6 WV state park bucket list items that will help you get through fall 2020

Autumn has arrived and beautiful foliage means it’s an ideal time to check some activities off your West Virginia state park bucket list. Is there a state park you’ve always wanted to visit? Or do you have a favorite state park you keep coming back to year after year? These six bucket list items will help you enjoy your visit.

As you travel this fall, please remember to observe CDC guidelines for preventing the spread of COVID-19, such as social distancing, hand washing, and wearing masks in close proximity to others.

Hike your favorite trail

Lace up a pair of comfortable shoes and head out to explore your favorite trail. West Virginia’s state park system has hundreds of miles of trails, from the challenging uphill climb to the lookout tower at Watoga State Park to the leisurely Greenbrier River Trail. Don’t forget to bring your reusable water bottle if you’re going to be out long, and dress for any anticipated changes in the weather.

Photograph a scenic overlook

With many state parks surrounded by majestic mountains or rugged river valleys, you don’t have to go far to find a scenic overlook with awe-inspiring views. We encourage tech-free park visits, but you’ll want to bring your camera to remember iconic settings, such as Lindy Point at Blackwater Falls State Park, Cranny Crow at Lost River State Park or the main overlooks at Coopers Rock State Forest and Hawks Nest State Park.

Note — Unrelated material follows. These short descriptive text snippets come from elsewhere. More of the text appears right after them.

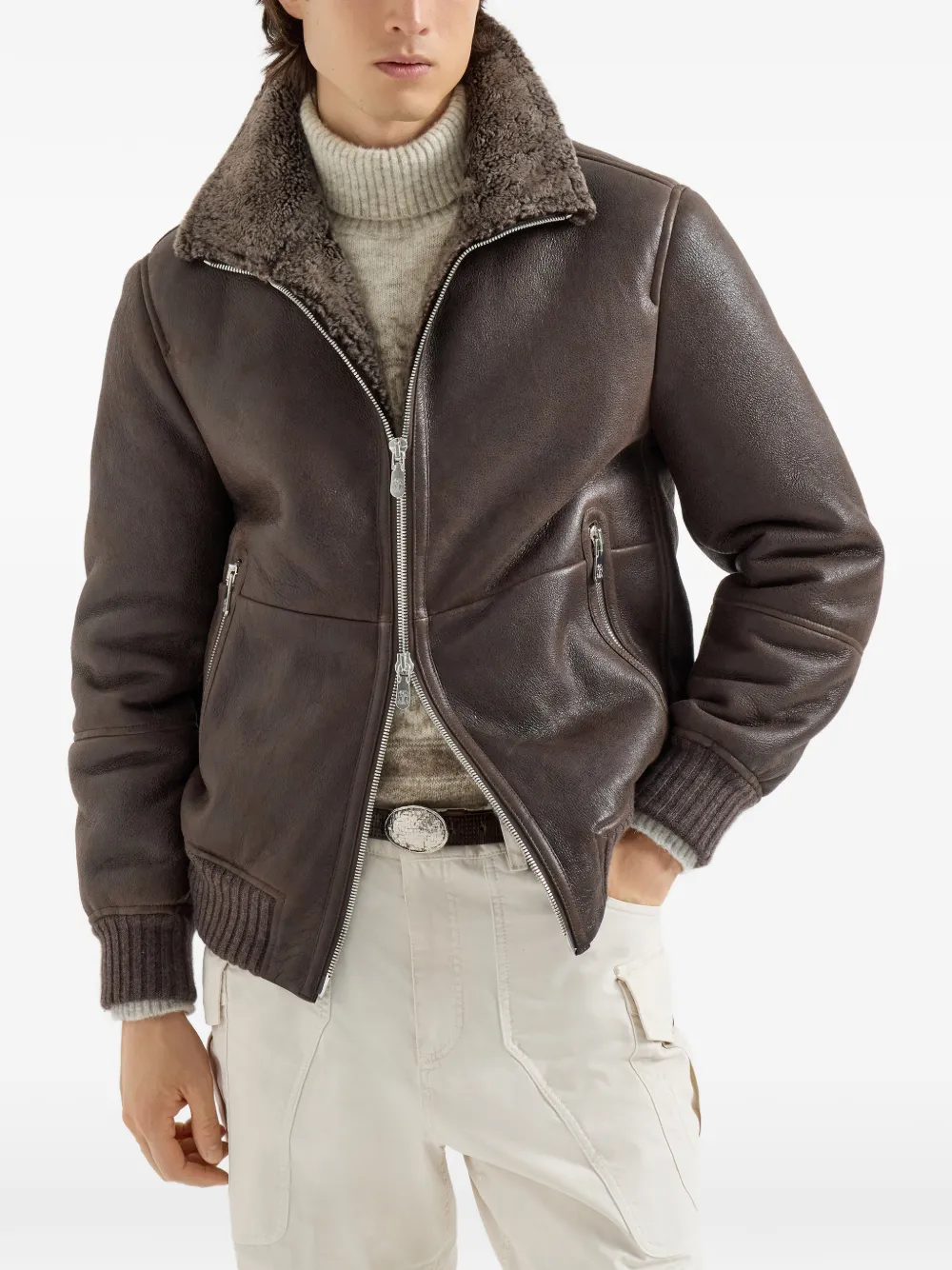 Brunello Cucinelli Lammy bomberjack met vintage-effect Bruin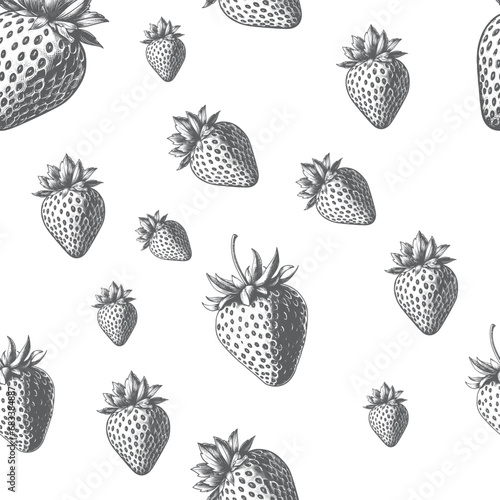 Sketch art silhouette strawberry seamless pattern vector illustration. Design use for textile, fabric, wrapping paper print. high-detail strawberry seamless pattern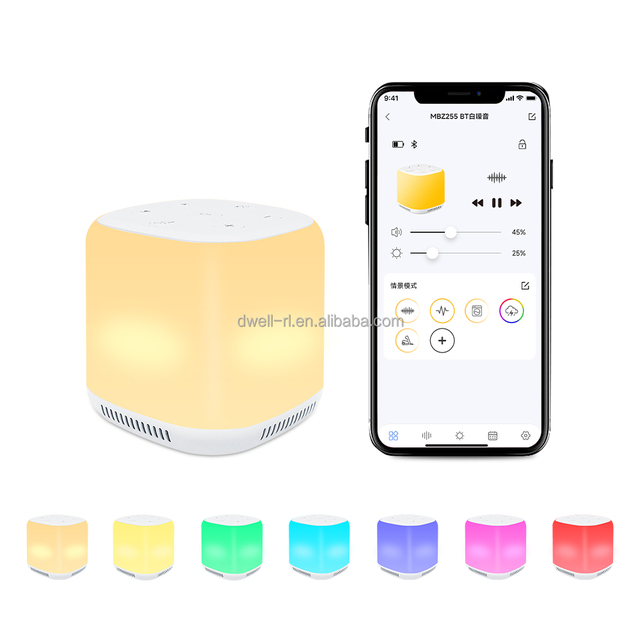 New Convenient Baby White Noise Machine Clock APP for 34 Soothing Sounds Portable Design Plastic Construction 30/60/90 Min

Reel in a trout from a cool, mountain stream

West Virginia’s parks have some of the best trout fishing streams in the state. There’s the Middle Fork River at Audra State Park, and Mill Creek at Kumbrabow State Forest or at Camp Creek State Park and Forest. Before you head out with your rod and reel or fly rod, make sure you have a valid West Virginia fishing license, available at www.wvfish.com.

See a waterfall surrounded by fall colors

The iconic Blackwater Falls is spectacular when its crashing waters are framed in the brilliant reds and yellows of autumn, but there are plenty of other beautiful waterfalls in West Virginia you also should visit. Take a trip to Valley Falls State Park to see its series of four waterfalls on the Tygart Valley River form a picturesque setting for picnics and leaf peeping. Or take a hike to discover a few hidden gems, like the two waterfalls that inspired the name of Twin Falls Resort

Enjoy a campfire or fireplace during an overnight stay

What’s more fun than cuddling up around a campfire toasting marshmallows and sharing stories? You might think camping and campfires are just a summer activity, but many state parks offer fall camping, including Tomlinson Run, Tygart Lake and Beech Fork.

If the night air is a little too chilly for you, book a stay at a cozy cabin. From Cacapon Resort to Babcock State Park and beyond, accommodations range from modern, wood frame vacation-style cabins to rustic legacy cabins built by the Civilian Conservation Corps.

Ride an aerial tramway or take a scenic train ride

If you want to see fall foliage from a different perspective, climb aboard the historic steam engine at Cass Scenic Railroad and settle in for a relaxing ride up the mountain to Bald Knob, West Virginia’s third-highest point. Or board an aerial tram at Hawks Nest or Pipestem Resort and immerse yourself in the majestic scenery of the New River or Bluestone River gorge.

What are you waiting for? Start planning your Almost Heaven adventure today!